NXI 5.5.2 - High IPCS queues w/ high latency checks

This support forum board is for support questions relating to Nagios XI, our flagship commercial network monitoring solution.
Locked
Aezox
Posts: 25
Joined: Fri Feb 09, 2018 9:31 am

NXI 5.5.2 - High IPCS queues w/ high latency checks

Post by Aezox »

Hi community !

Our Nagios XI server is running into a really strange behavior since 10 days.
The messages queue are constantly high and do not decrease causing result check to appear far after. The delay response time is 7 minutes after the check command which is way too late for active monitoring.
We have ran several investigations on the server and on the database.
We are not running in any high CPU usage and the database is properly running.

We are running Nagios XI 5.5.2 with Nagios Core 4.2.4 along with 6 Mod Gearman 2 servers. Nagios server is running 15% of all checks and the rest being run by MG servers. Below are the packages we have installed on Nagios server :
nagiosxi-nrds-5.5.2-1.el6.x86_64
nagiosxi-5.5.2-1.el6.x86_64
nagiosxi-wkhtmltox-5.5.2-1.el6.x86_64
nagiosxi-nsca-5.5.2-1.el6.x86_64
nagiosxi-pnp-5.5.2-1.el6.x86_64
nagiosxi-shellinabox-5.5.2-1.el6.x86_64
nagiosxi-nxti-5.5.2-1.el6.x86_64
nagiosxi-nagioscore-5-4.13.el6.x86_64
nagiosxi-nrpe-5.5.2-1.el6.x86_64
nagiosxi-nagiosmobile-5.5.2-1.el6.x86_64
nagiosxi-mrtg-5.5.2-1.el6.x86_64
nagiosxi-nagvis-5.5.2-1.el6.x86_64
nagiosxi-wmic-5.5.2-1.el6.x86_64
nagiosxi-ndoutils-5.5.2-1.el6.x86_64
nagiosxi-nagiosplugins-5.5.2-1.el6.x86_64
gearmand-server-0.33-2.x86_64
gearmand-0.33-2.x86_64
gearmand-devel-0.33-2.x86_64
mod_gearman2-2.1.1-1.el6.x86_64
We are running with 7,600 active hosts and 35,206 active services.
Our MySQL DB is ingesting 20,000 query per seconds.
IPCS queues stall above 500,000 messages.

We are running with MySQL version 5.1.73-8 on the same server as Nagios.
'mysqld.log' is not showing any errors.
We are aligned with all recommended performance configuration from Nagios documentation.
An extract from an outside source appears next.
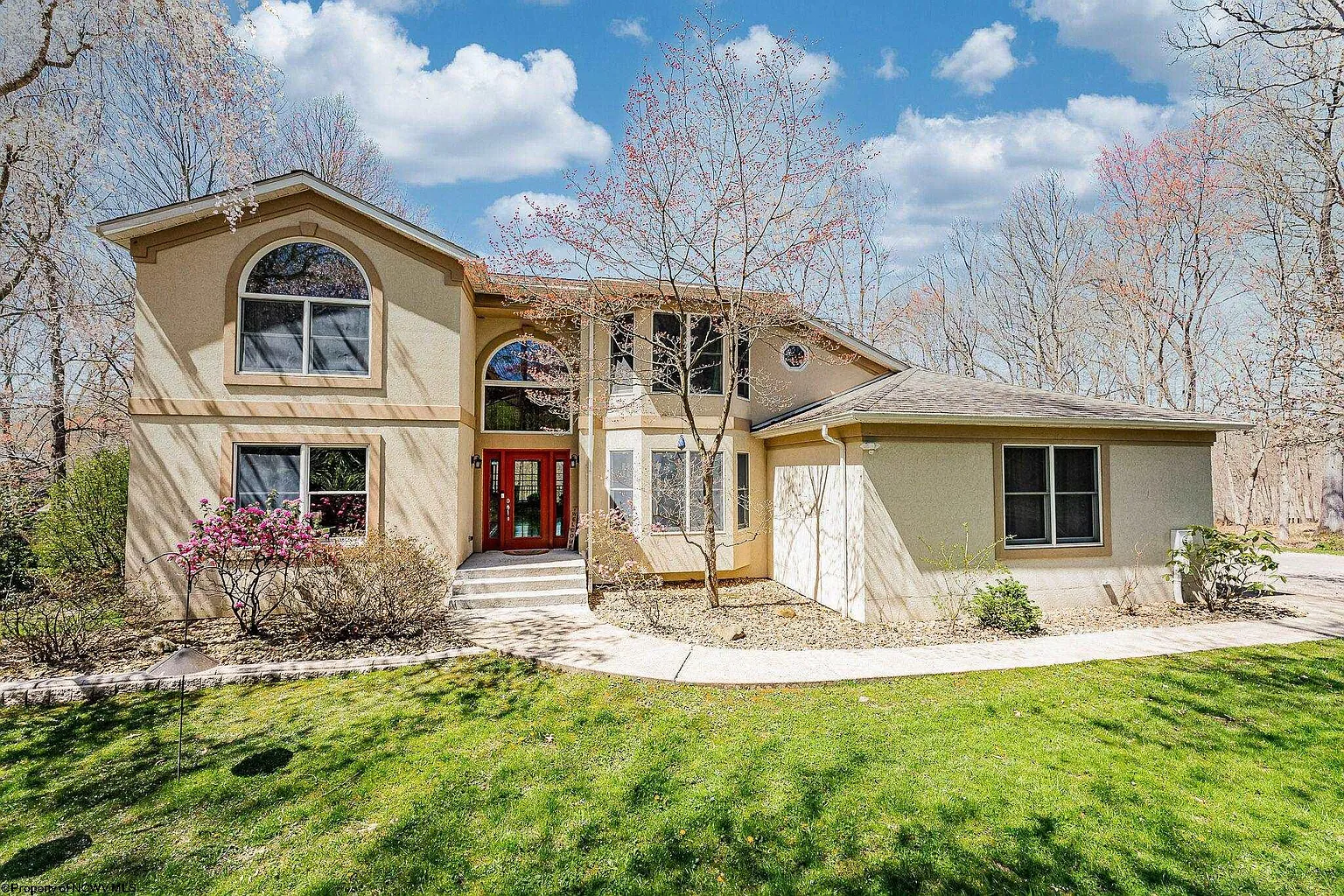 39 Lakeside Dr photo 1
I've search the forum but I cannot find any similar issue, if any one has a clue :)
Thanks in advance for your help
User avatar
mbellerue
Posts: 1403
Joined: Fri Jul 12, 2019 11:10 am

Re: NXI 5.5.2 - High IPCS queues w/ high latency checks

Post by mbellerue »

The very first question: Is this a physical server? We recommend going to physical servers once you reach about 20,000 checks.
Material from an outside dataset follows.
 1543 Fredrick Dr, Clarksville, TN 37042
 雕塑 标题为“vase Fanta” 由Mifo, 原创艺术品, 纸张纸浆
It looks like you're running mod gearman. How many workers do you have running? Are they all configured the same, and what are their max jobs set to? Also how many checks are run through gearman vs run from Nagios? If you have a lot of checks running from Nagios, could they be off-loaded to gearman? Or some active checks turned into passive checks?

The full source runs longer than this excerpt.